The success of the balanced scorecard is contingent on the precision and detail of the financial and other numbers that are available to the company. Unsurprisingly, the companies that report significant benefits from balanced scorecard are also more likely to have used activity based costing (ABC) and rate its value to be high while those who have not realized significant benefits are also less likely to have used ABC and also rate its value to be low. The reported figure for the first group is 60% likelihood of using balanced scorecards and 36% in the second.

A case of successful use of balanced scorecards for change management is CIGNA, an insurance company. In 1993, it lost a staggering $275 million and its combined ratio, i.e., the ratio of claims to premiums earned, was 1.40 or the claims were in excess of the earnings. When the management examined the work processes, the details showed that the company had poor relationships with its customers, with the distribution channel and the staff was not equipped with the technology it needed to perform well. CIGNA announced a new strategy of becoming a specialist insurance company instead of spreading itself thin over numerous businesses. It chose an electronic version of a balanced scorecard which communicated any weakness by sending out a red signal. If in any work process progress was lagging, the company identified the source of the problem and worked with the concerned employee to improve matters. By 1998, CIGNA turned around with high levels of profitability.

The mindset for change presupposes that the management and the employees are able to look outside of their companies at the macro events that shape their destiny. All too often, employees and managements have an ostrich like attitude and remain oblivious to the larger context till they are shocked into changing their ways. Modern managements increasingly expect their companies to remain resilient in the face of adverse course of events. FMC, a Chicago based conglomerate, was a typical cash cow with $4 billion in revenues in 1992 and a relatively high return of 15% with little prospect for rapid long-term growth. The performance of each of the businesses in the conglomerate was judged based on financial metrics but the actual experience showed that external factors such as market evolution and competitive factors were the critical factors influencing performance. FMC decided to change course and increasingly incorporated factors such as customer satisfaction, market position and the share of revenues contributed by new products in the metrics incorporated in the balanced scorecard. This was to ensure that the company would be fortified against adverse events.

The ability of employees to actively participate in the decision making process adds to the diversity of perspectives and the energy that they are able to contribute within the overall strategic context defined by their management.

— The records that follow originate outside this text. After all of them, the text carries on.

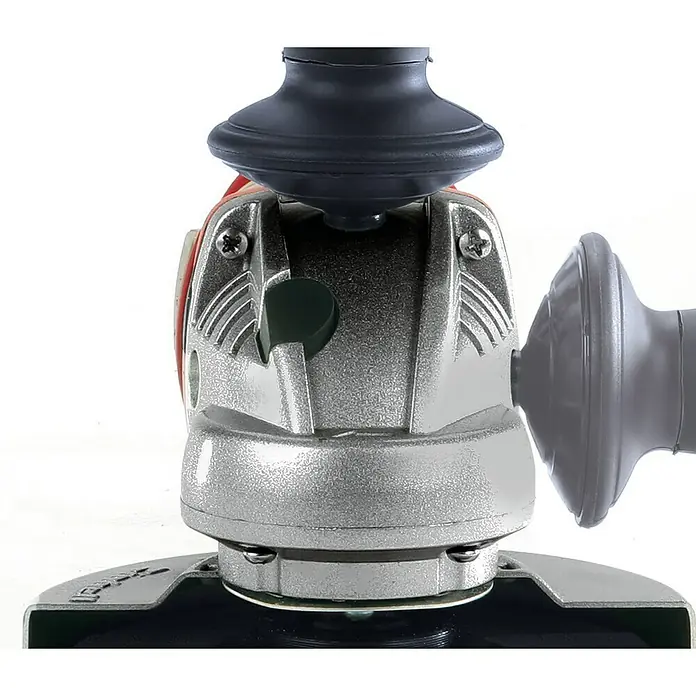 Einhell Expert Elektro-Winkelschleifer TE-AG 230/2000 - 2.000 W, 230 mm, Leerlaufdrehzahl: 6.500 U/min - Nahaufnahme eines Winkelschleifers mit Details wie Schalter und Griff. Ideal für Handwerker und Heimwerkerprojekte.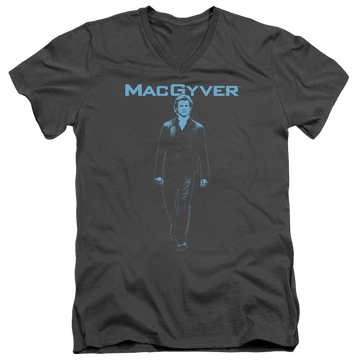 Charcoal men's v-neck t-shirt with Macgyver graphic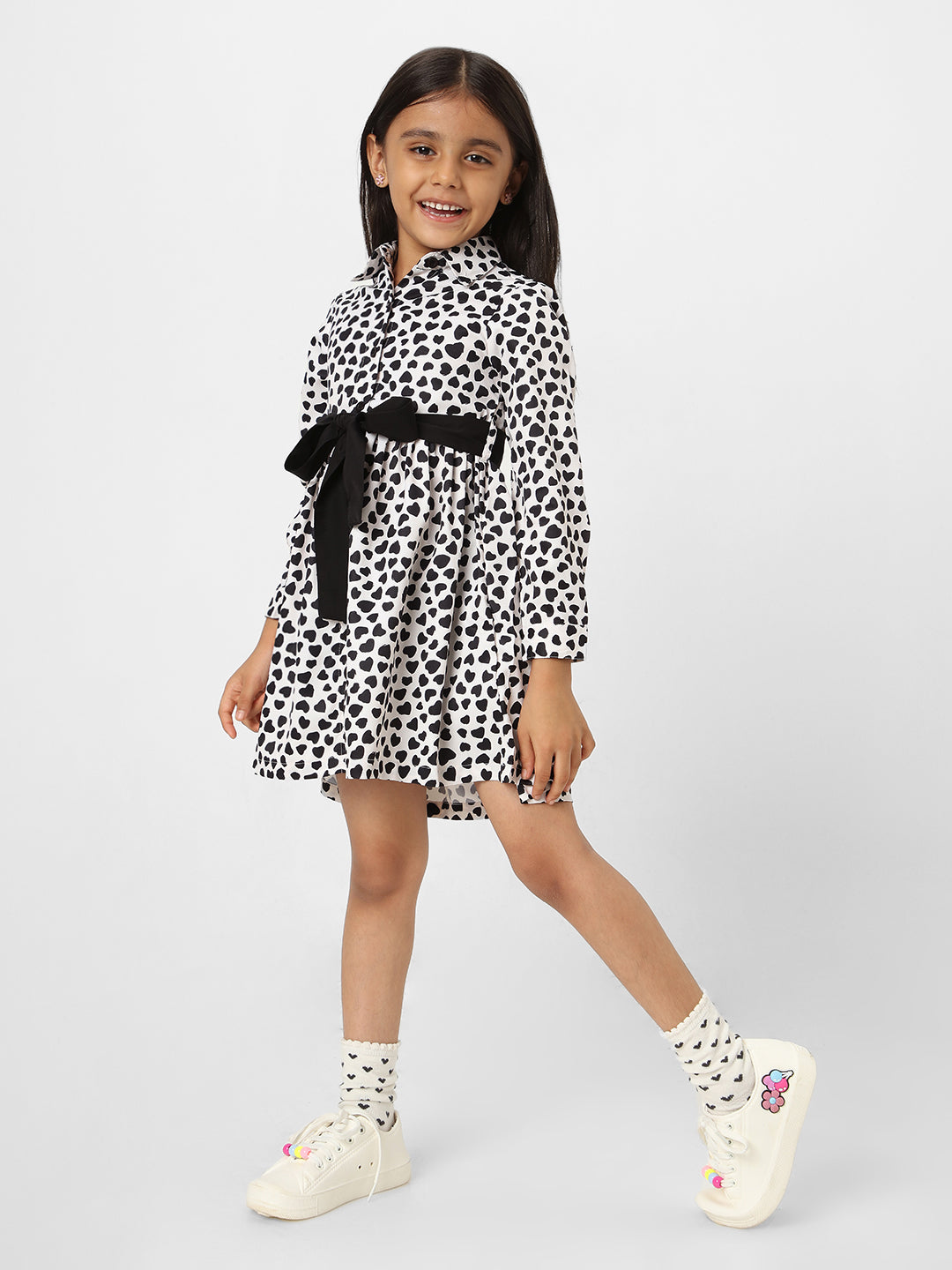 Nautinati Girls' Printed Full Sleeve Dress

One instance of this is the success that was achieved by Crown Castle International, one of the largest cellular tower companies in the world. The key problem with the company was the customer churn rate of the company which added up to 24% for the entire year. By 2004, the company had reduced the cycle time of installation by 70%, entirely made possible by the initiative of its local employees, to be credible among clients. A variety of metrics allowed each of them to select the variables that they could best influence. The best practices from each of the regions are then communicated to others to accelerate the rate of improvement.

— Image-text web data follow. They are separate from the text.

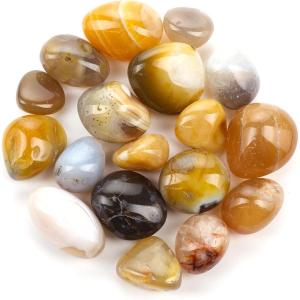 imageCherry Tree Collection 12 Pound Polished Stones  12quot  1quot Size Tumbled Stones  Tumbled Crystals Bulk for Healing Reiki Chakra Red JasperYellow Lace Agate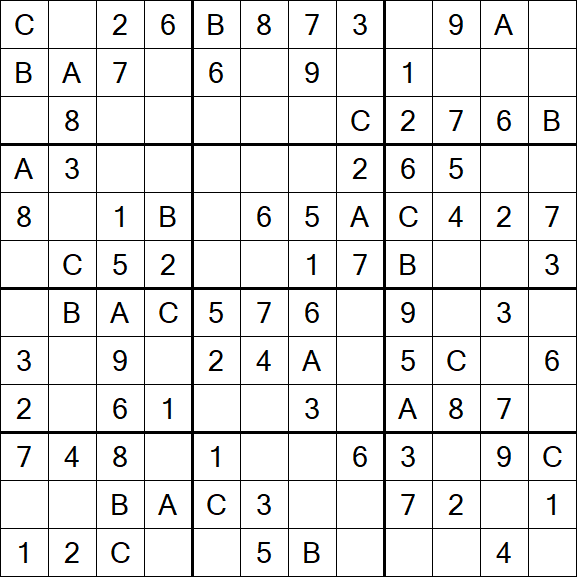 Sudoku 12x12 - Einfach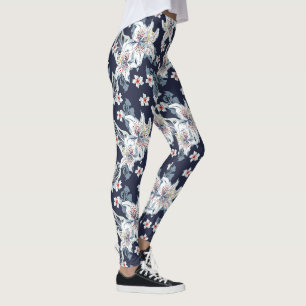 Beautiful elegant flower pattern leggings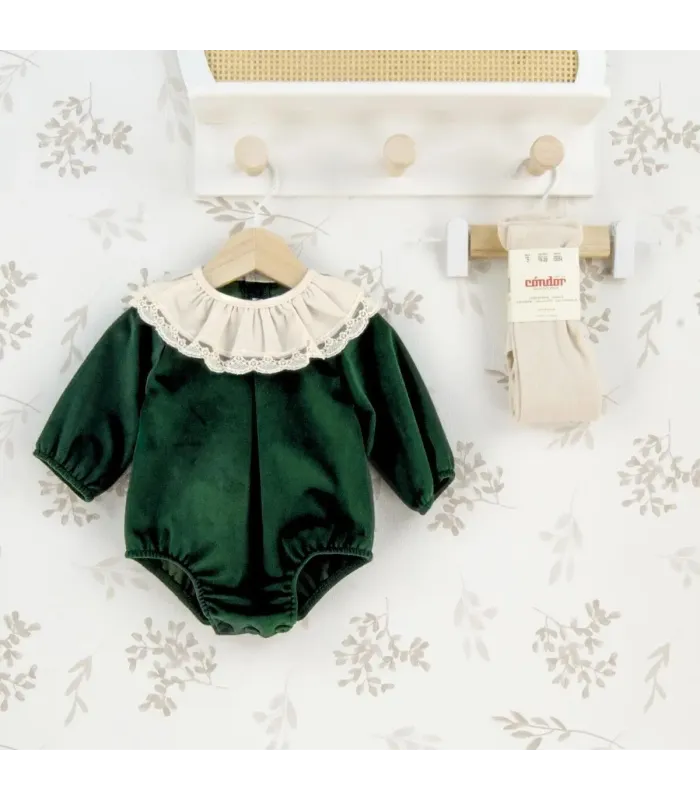 Pelele bebé verde bosque con cuello blanco de puntilla manga larga tejido suave elegante invierno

The combination of financial and non-financial measures of performance is also a means to weigh both the short-term and the long-term goals of a company. In the past, the bias was in favor of financial goals which persuaded companies to meet short-term quarterly goals which lead to a decline in the long-term competitive strength of the company. A mind-set which sees the non-financial metrics as leading indicators of the financial performance also encourages a consideration of the long-term strengths companies need in order to achieve their financial goals.